Michael Jordan struggled with gambling, despite electing to dismiss it as another element of his obsession with winning.
“I have a competition problem, a competitive problem,” he said of his gambling.
“I enjoy it, it’s a hobby,” Jordan said in another clip “If I had a problem, I’d be starving. I’d be hawking this watch, my championship rings, I would sell my house. My wife would have left me, or she’d be starving. I do not have a problem, I enjoy gambling.”
Hardly convincing.
At least part was true, Jordan was wickedly competitive, and still is. In everything from basketball to tossing quarters in the locker room, to having the last laugh, he needed to win.
This trait drove Jordan to push everything to the maximum, from his gambling where he bets big, to the golf course where he shoots scratch, greatness was not an option for Jordan. He expected the same of his teammates
Jordan could never concede an inch. Sometimes he’d push too far even, such as his late-night casino run in Atlantic City before the ’93 playoffs or his numerous practice dustups with Bulls teammates throughout the years, Jordan was relentless.
Yes, Jordan’s competitive fire was key to his success, and it made him one of the greatest ever. He was the ultimate winner and savored big moments like few fans have ever seen.
That attitude could also make him an egotistical, and vindictive jerk too.

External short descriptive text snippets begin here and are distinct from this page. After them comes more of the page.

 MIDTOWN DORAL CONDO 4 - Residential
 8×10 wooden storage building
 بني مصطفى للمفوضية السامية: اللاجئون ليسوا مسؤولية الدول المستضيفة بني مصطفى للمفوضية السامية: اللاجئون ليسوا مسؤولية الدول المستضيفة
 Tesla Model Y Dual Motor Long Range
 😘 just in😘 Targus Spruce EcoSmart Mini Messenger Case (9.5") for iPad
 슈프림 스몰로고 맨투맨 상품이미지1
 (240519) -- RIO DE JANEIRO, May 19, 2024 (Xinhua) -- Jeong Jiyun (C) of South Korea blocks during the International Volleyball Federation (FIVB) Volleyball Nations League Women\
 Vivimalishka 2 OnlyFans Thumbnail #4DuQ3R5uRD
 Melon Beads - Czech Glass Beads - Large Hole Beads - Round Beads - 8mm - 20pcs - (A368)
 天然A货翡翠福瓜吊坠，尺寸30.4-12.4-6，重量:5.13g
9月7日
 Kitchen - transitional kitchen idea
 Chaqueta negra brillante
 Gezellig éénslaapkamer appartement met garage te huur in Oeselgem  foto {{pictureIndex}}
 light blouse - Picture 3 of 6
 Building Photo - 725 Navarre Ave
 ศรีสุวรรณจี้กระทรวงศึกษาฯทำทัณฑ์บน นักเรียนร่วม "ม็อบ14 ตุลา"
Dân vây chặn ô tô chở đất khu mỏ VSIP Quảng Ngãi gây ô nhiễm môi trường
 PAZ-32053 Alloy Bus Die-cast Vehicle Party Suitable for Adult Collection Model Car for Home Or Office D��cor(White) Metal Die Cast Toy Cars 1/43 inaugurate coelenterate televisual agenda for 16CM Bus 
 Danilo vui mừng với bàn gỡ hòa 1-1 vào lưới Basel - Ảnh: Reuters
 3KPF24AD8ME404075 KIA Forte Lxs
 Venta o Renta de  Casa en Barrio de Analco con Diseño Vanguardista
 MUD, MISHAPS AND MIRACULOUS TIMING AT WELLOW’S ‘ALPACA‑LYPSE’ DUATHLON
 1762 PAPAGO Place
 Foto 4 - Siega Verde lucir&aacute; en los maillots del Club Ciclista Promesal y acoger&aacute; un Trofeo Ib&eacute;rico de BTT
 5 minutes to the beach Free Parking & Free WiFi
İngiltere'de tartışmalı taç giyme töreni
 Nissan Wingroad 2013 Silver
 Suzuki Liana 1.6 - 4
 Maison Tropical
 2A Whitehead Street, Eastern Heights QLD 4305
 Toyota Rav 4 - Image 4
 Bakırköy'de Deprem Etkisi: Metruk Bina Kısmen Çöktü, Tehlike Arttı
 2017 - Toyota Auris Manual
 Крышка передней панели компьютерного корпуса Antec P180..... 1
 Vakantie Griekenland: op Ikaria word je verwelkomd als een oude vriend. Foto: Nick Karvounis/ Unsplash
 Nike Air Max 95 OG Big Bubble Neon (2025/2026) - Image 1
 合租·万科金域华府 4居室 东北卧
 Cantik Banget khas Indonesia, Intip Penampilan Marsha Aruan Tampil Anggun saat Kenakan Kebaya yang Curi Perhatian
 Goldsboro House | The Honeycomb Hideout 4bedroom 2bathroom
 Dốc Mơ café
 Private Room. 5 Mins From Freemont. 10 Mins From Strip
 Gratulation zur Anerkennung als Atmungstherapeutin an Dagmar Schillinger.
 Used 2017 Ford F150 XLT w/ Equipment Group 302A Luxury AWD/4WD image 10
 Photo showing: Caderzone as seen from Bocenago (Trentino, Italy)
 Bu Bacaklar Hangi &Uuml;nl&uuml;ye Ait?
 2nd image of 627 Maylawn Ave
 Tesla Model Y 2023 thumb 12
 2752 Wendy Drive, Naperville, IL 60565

Some examples were understandable, like his feud with Isiah Thomas surrounding the Dream Team selection after years of deep-seated disdain for one another.
However, the series also shows Jordan’s intensity could go a bit too far, like when he leads his teammate Scottie Pippen on an international crusade to bully their young, soon-to-be-teammate Toni Kukoc out of the Olympic qualifier.
Viewers see more of this spiteful side of Jordan too from the way “The Last Dance” treats GM Jerry Krause.
While plenty of the film’s critiques of Krause are legitimate, particularly as they pertain to Jordan and Phil Jackson’s eventual departures from Chicago. The series’ opening half-hour is nearly a no holds barred roast of Krause, who passed away in 2017. An inappropriate treatment for the architect of those Bulls teams, Hall of Fame level executive, and man unable to defend himself.
Yet, not entirely unexpected for the unforgiving superstar.
“He was picked on an awful lot during this time by Michael and Scottie,” said “Jordan Rules” author Sam Smith about the relationship before the film cuts to Krause and MJ at a practice.
“Are those the pills to keep you short, Jerry? Or are those just diet pills” Jordan asks Krause mockingly in the clip in front of the entire team.
More than just some belittling though, Jordan and Jump 23, seem hellbent early-on in the series to diminish the late Krause’s role in any of those Bulls teams and their success.
“He was good, but not good enough to do it without Michael Jordan,” said author Mark Vancil speaking about the Krause-Jordan dynamic.
But is it not just as likely Jordan would not have accomplished what he did without Krause?
After all Krause was the man who went to Arkansas to scout, then eventually draft Scottie Pippen. He was the man who loved Tex Winter and decided to promote Phil Jackson. Krause was also the guy who maneuvered for players like John Paxson, Steve Kerr, Horace Grant and Bill Cartwright to accent the different demands of the league.
And honestly, maybe Jordan would have rendered history the same without Krause. He embodied winning. This series establishes how his competitive drive, supreme confidence and ability to lead a room were second to none. He deserves his status as the greatest.
But this film also illustrates, to Jordan, the Bulls had no role in allowing him to flourish into the greatest of all-time by paring him alongside Pippen, Dennis Rodman coach Jackson, and incredible role players to form one of the great teams of all-time.
No, in Jordan’s mind he was the Bulls, and none of it happens without him coming first in ’84 to exude “his Airness” across America and begin his pursuit of greatness while demanding all those surrounding him follow his cutthroat lead.
The real truth, as always, lies somewhere in the middle. But the truth in “The Last Dance,” is the former because it is how MJ thinks and that’s how MJ wanted to make his movie.